The second thing that I noted is that when running a test on a single core FreeBSD guest, the system freezes until traffic is stopped. It only happens to FreeBSD when the guest has only one core. Initially I tought that it could be a glitch of the serial or tty driver, but then I ran a while sleep 1; do date; done
loop, and if it was just an output issue, the time wouldn’t freeze. I looked in all the sysctl to find if the FreeBSD kernel was preemptible, and it is, so I can’t explain what is going on. I made an asciinema which better illustrates this weird behavior.
Second test is routing. Two IP adresses belonging to different networks are assigned to the interfaces, and the TRex NIC4 address is set as default route. TRex is sending packets to the first interface and packets are forwarded.
When talking about L3 forwarding both OS scale quite well. While achieving more or less the same performances with a single core, Linux does a better job with multiple processors.
Third test is about firewall. The setup is the same as the routing test, except that some firewall rules are loaded in the firewall.
The rules are generated in a way that they can’t match any packet sending from TRex (different port range than the generated traffic), they are here only to weigh.
We know that both OS have two firewall systems, Linux has iptables and nftables, while FreeBSD has PF and IPFW. I tested all of them and in the graph below I report performances for iptables and IPFW because they resulted faster than the other two solutions.
As said before, I deliberately omitted the nftables and PF numbers to avoid confusion, if you want to have a look to the full numbers, here there are the raw data.
Conclusions
Both OS performs well, being able to forward more than 1 million of pps per core, which lets you achieve the 10 gbit line rate with 1500 byte frames.

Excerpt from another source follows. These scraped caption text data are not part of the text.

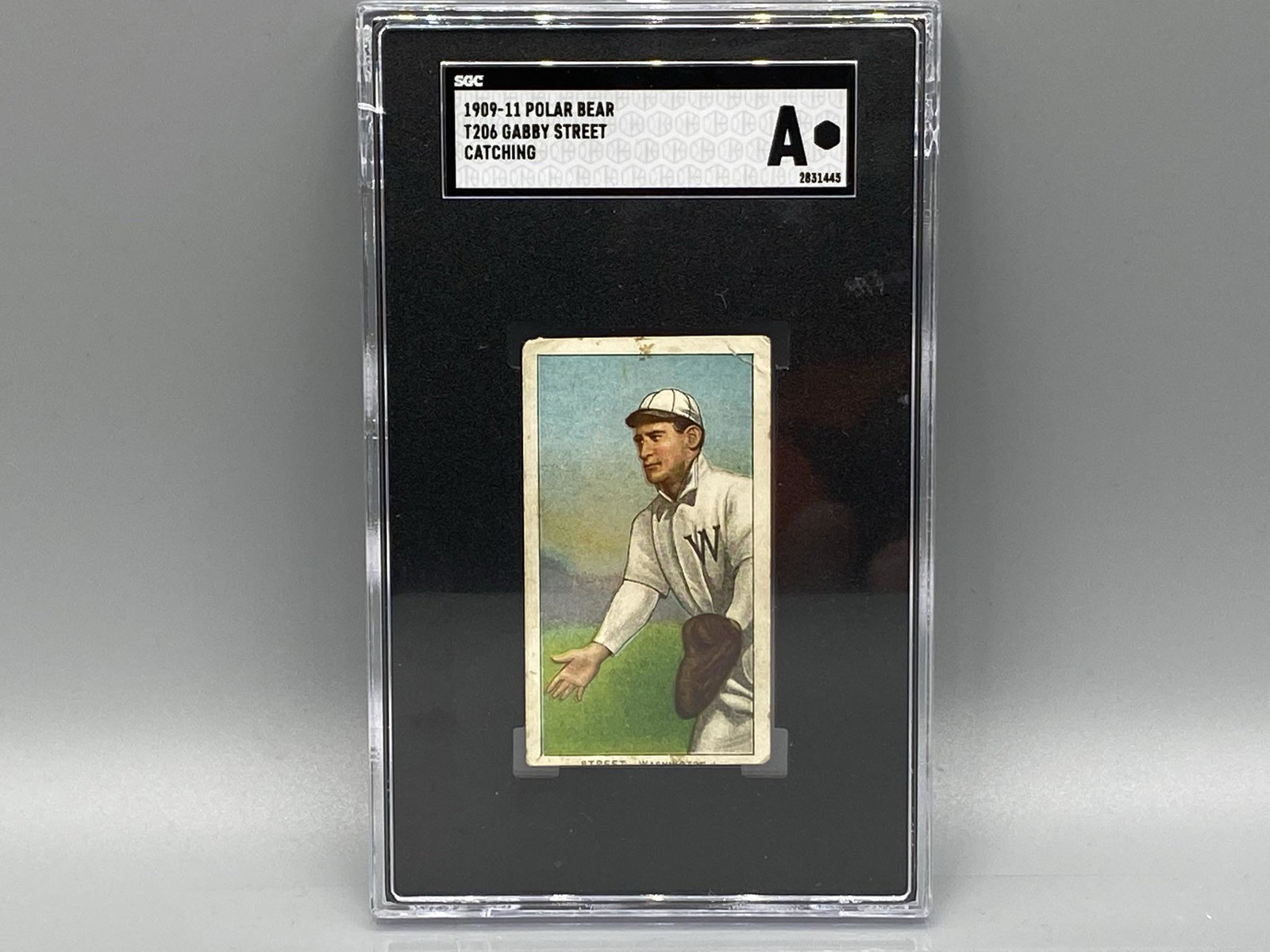 1909-11 T206 Gabby Street SGC Authentic Tough Polar: 1909-11 T206 Gabby Street SGC Authentic Tough Polar Bear Back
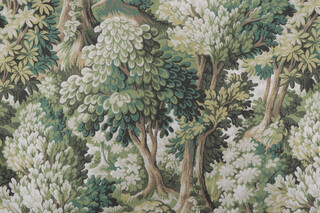 P Kaufmann Into The Woods Printed Cotton Drapery Fabric in Emerald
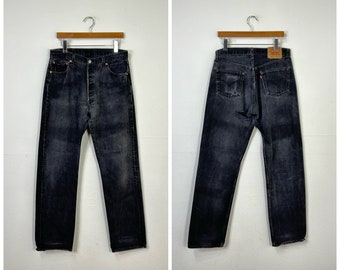W30 Vintage 90s Levi's 702xx Selvedge Buckle Back Denim Jeans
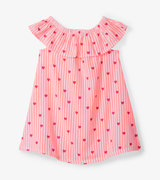 Sweet Hearts Toddler Ruffle A-Line Dress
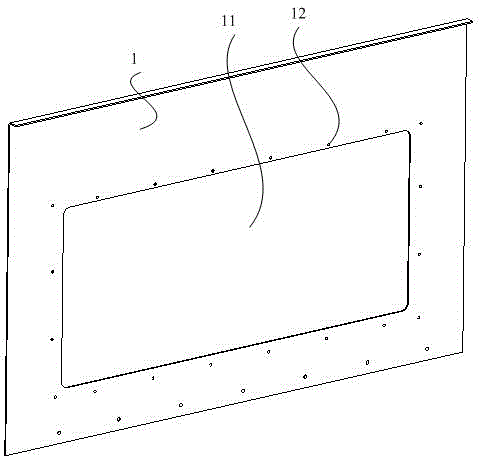 Aluminum skirt plate for railway vehicle and its processing method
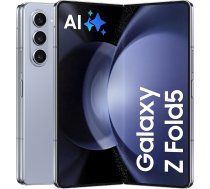 Samsung Galaxy Z Fold5 Fold5 Foldable AI Android viedtālrunis Bez līguma Mobilais tālrunis 512GB Paplašināts akumulatora darbības laiks HD kamera Icy Blue + 36 mēnešu garantija [Amazon Exclusive]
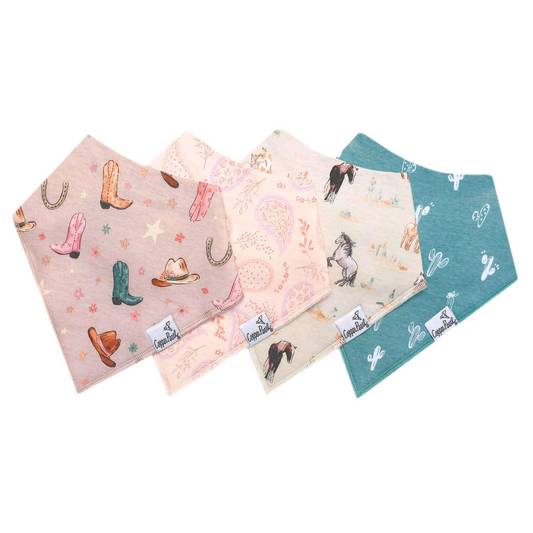 Cheyenne Bandana Bibs - Copper Pearl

FreeBSD scales relatively well with core numbers (except in bridge mode which is kinda monothread), but Linux does a near perfect job using all the power of a multicore system. The same applies to firewalling, where we can see that a large firewall ruleset can disrupt the performance of both kernels, unless using tricks like fastpath and HW offloading.
About me
I have been working in Red Hat for a year, but I have been collaborating to the Linux kernel and a lot of other open source software for 15 years. I used FreeBSD in production back in 2008 and I ported one of my programs to the FreeBSD ports.
I love open source in general, I’m a FSFE supporter and I’m all against DRM and proprietary software.